Scraped caption text data

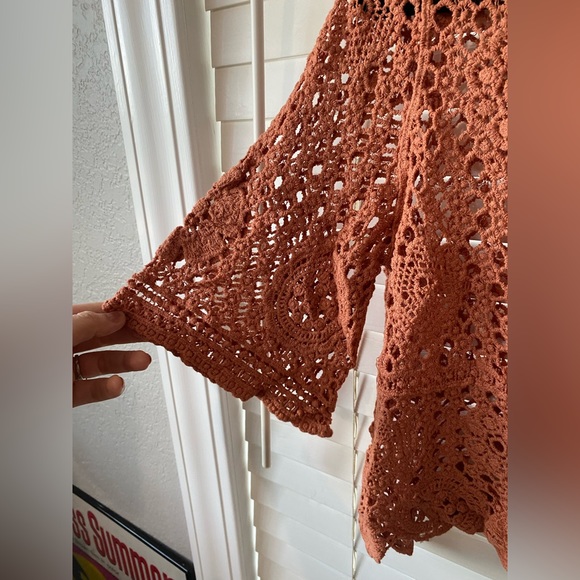 VICI Artesia Crochet Top NWT - Picture 4 of 10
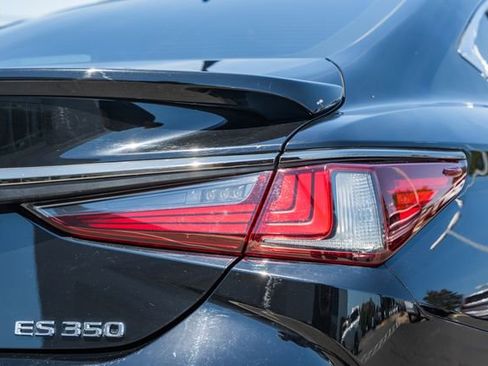 Used 2019 Lexus ES 350 F Sport w/ Accessory Package FWD image 7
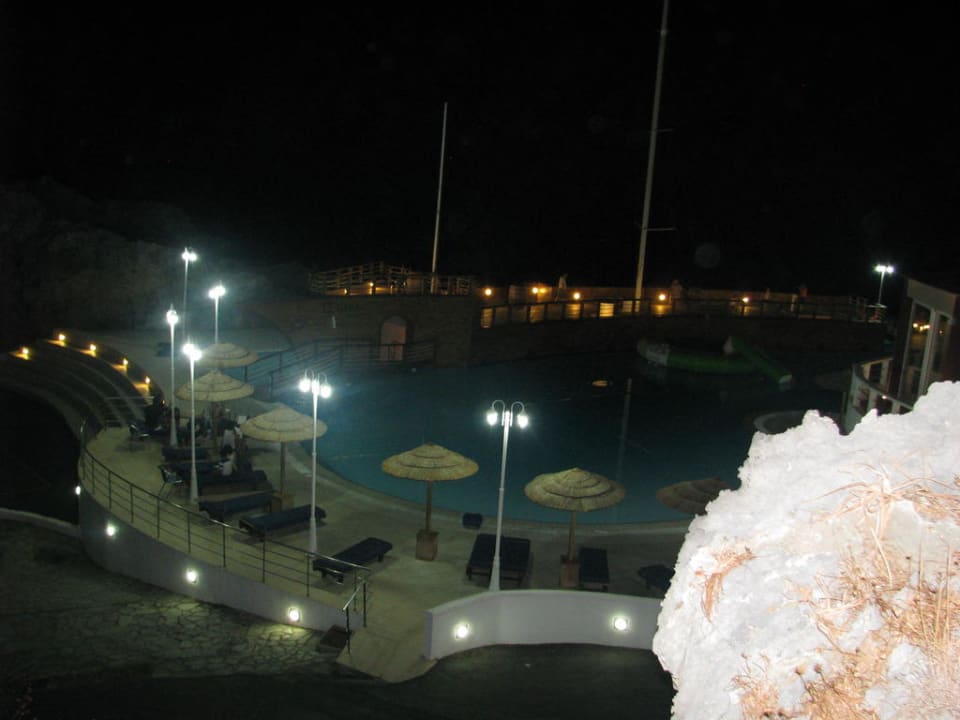 Widok na basen z baru Kalypso Cretan Village Sense Resort & Spa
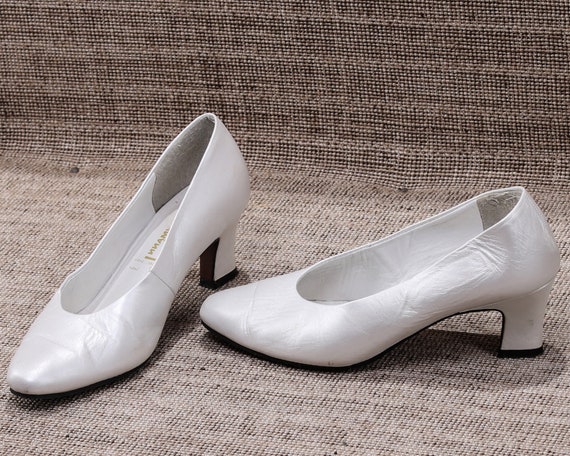 white pumps uk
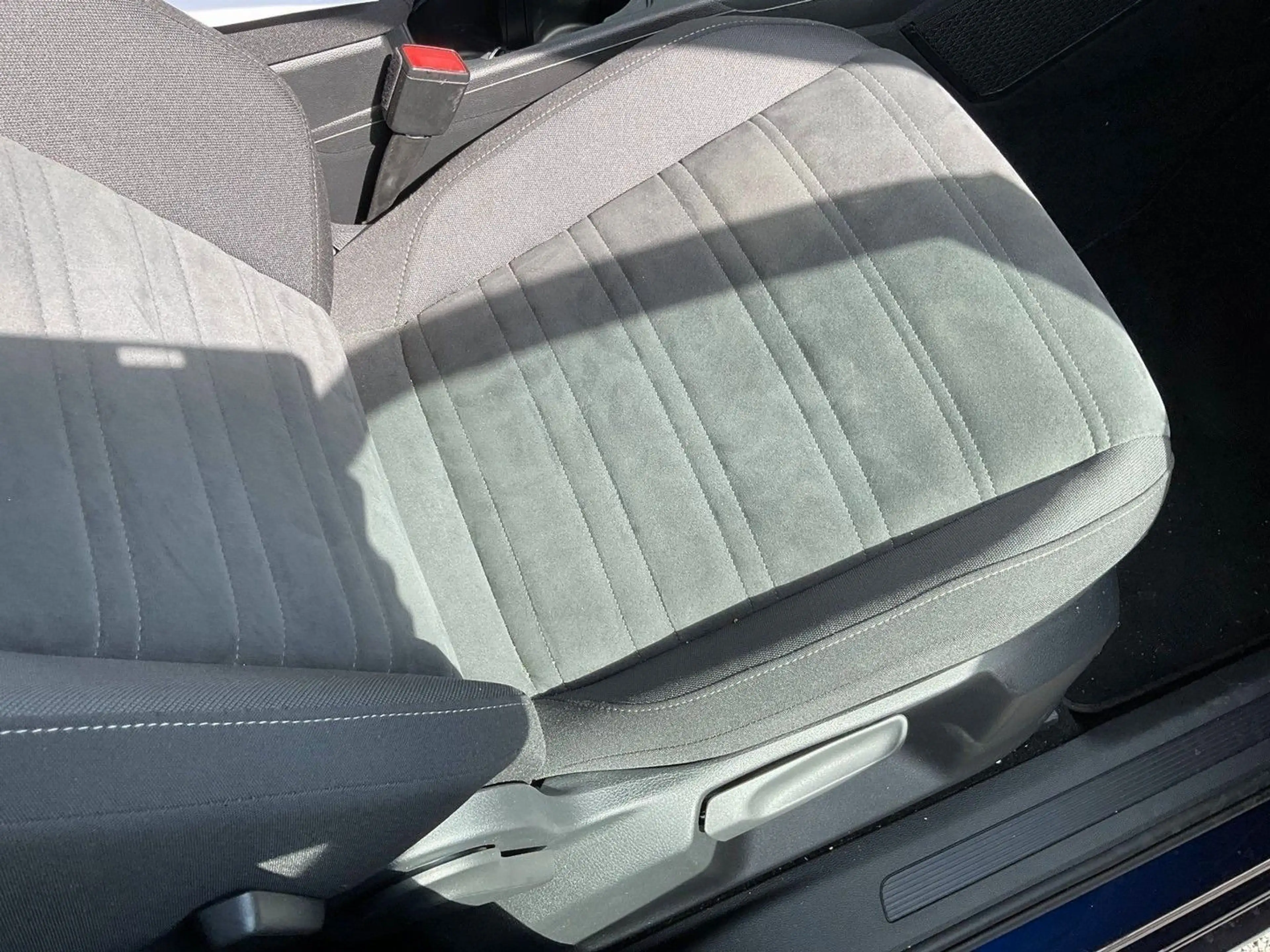 Volkswagen Touran 2,0 TDI DSG*VIRTUAL*KAM*ACC*7-SITZE*VOLL — photo 12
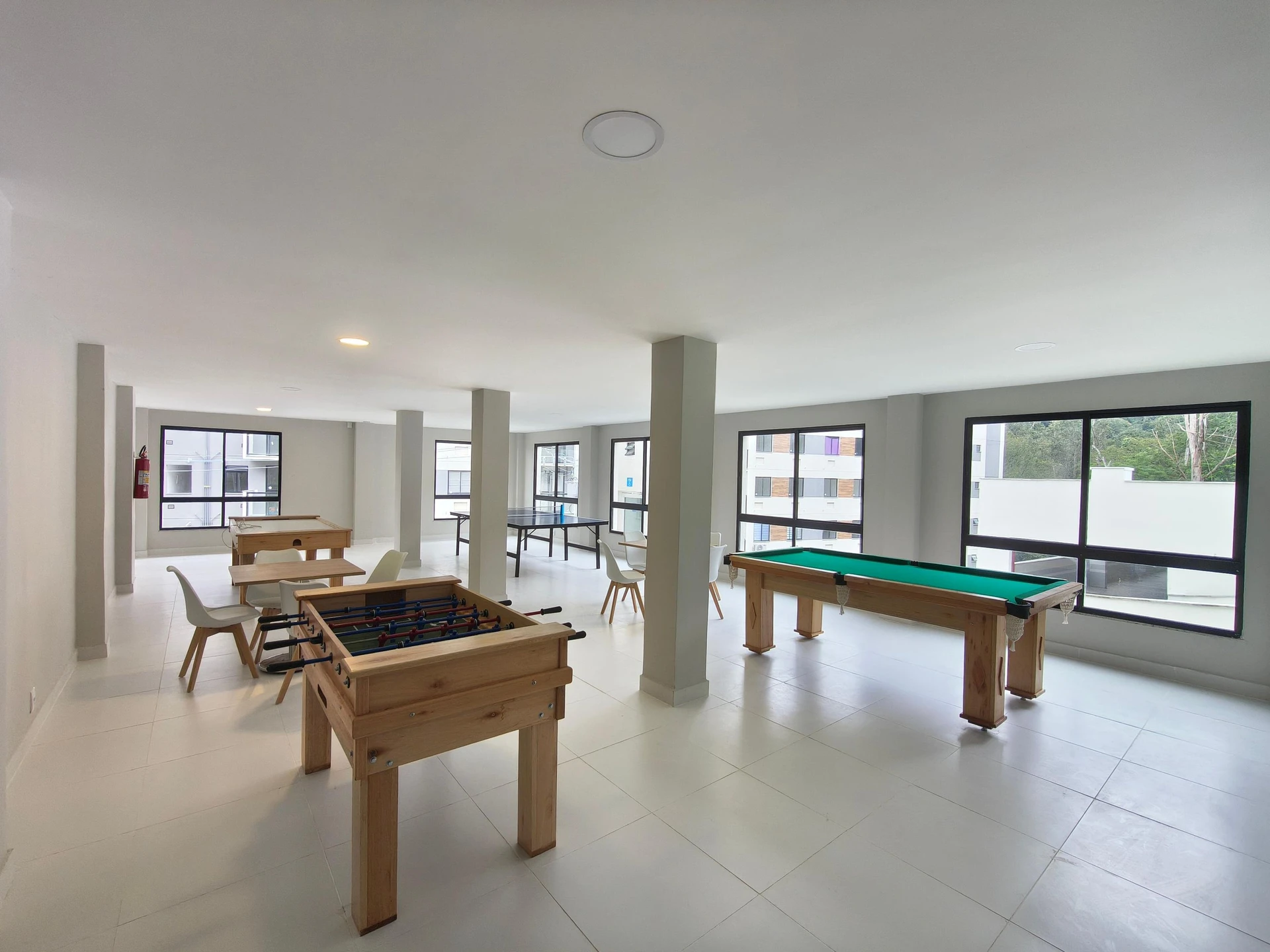Apartamento mobiliado com 2 quartos, 1 banheiro e varanda — photo 60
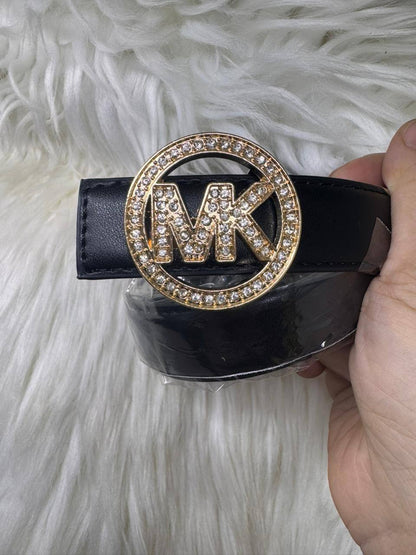 Brand belt
High  Quality 
Size：110 * 2.5 cm
30 dhs✅

Zain115
♥️♥️♥️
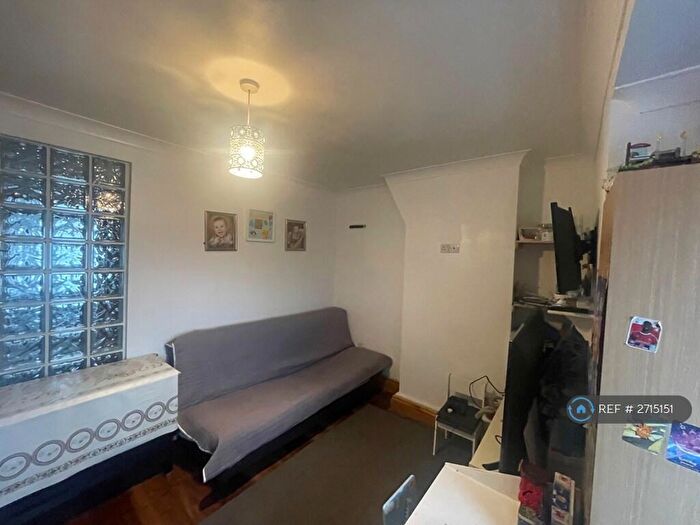 1 Bedroom Flat To Rent In Chingford Mount Road, London, E4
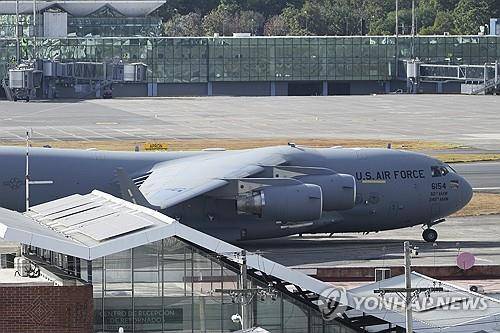 불법체류자를 태운 미 군용기 [AP 연합뉴스 자료사진]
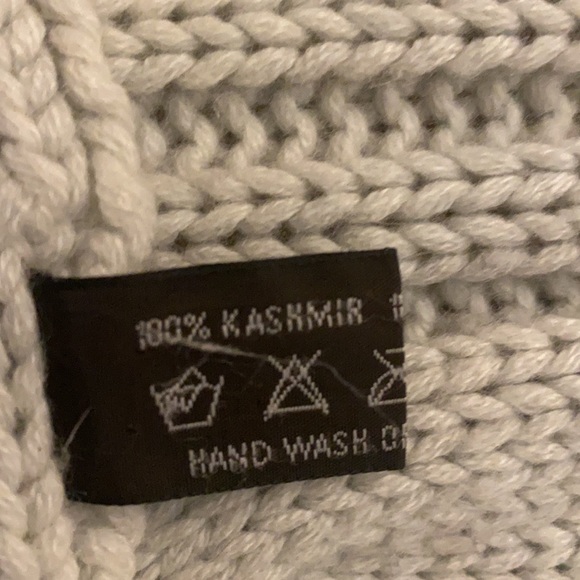 Rani Arabella Cashmere Throw Light Blue grey - Picture 6 of 7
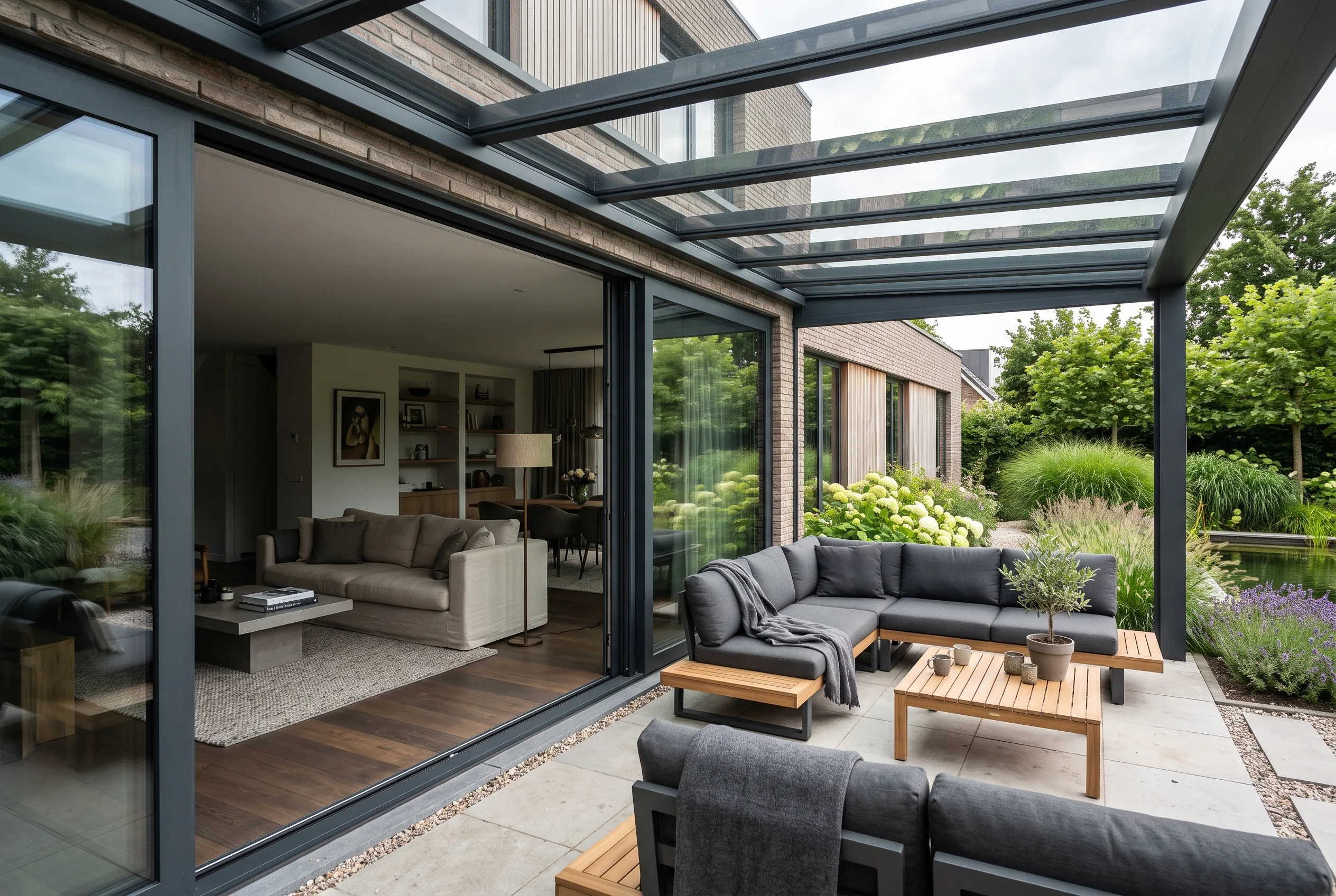 Volledig geopende glazenschuifwand tussen woonkamer en veranda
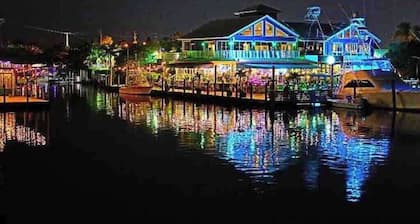 Sailfish Suites 5 - Waterfront Lodging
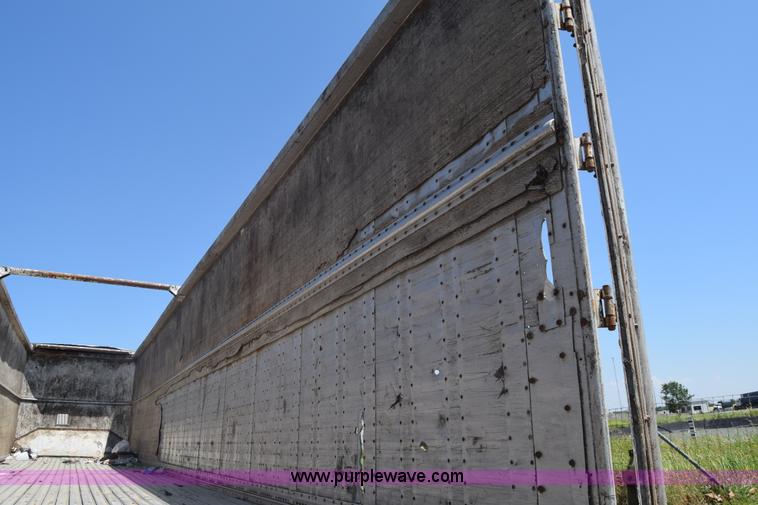 image for item J6590 2002 Guthrie Wilkens live bottom trailer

Your instructions:
Every entry, exactly as written: transcribe it, passing over any pictures.

Final answer:
 VICI Artesia Crochet Top NWT - Picture 4 of 10
 Used 2019 Lexus ES 350 F Sport w/ Accessory Package FWD image 7
 Widok na basen z baru Kalypso Cretan Village Sense Resort & Spa
 white pumps uk
 Volkswagen Touran 2,0 TDI DSG*VIRTUAL*KAM*ACC*7-SITZE*VOLL — photo 12
Apartamento mobiliado com 2 quartos, 1 banheiro e varanda — photo 60
 Brand belt
High  Quality 
Size：110 * 2.5 cm
30 dhs✅

Zain115
♥️♥️♥️
 1 Bedroom Flat To Rent In Chingford Mount Road, London, E4
 불법체류자를 태운 미 군용기 [AP 연합뉴스 자료사진]
 Rani Arabella Cashmere Throw Light Blue grey - Picture 6 of 7
 Volledig geopende glazenschuifwand tussen woonkamer en veranda
 Sailfish Suites 5 - Waterfront Lodging
 image for item J6590 2002 Guthrie Wilkens live bottom trailer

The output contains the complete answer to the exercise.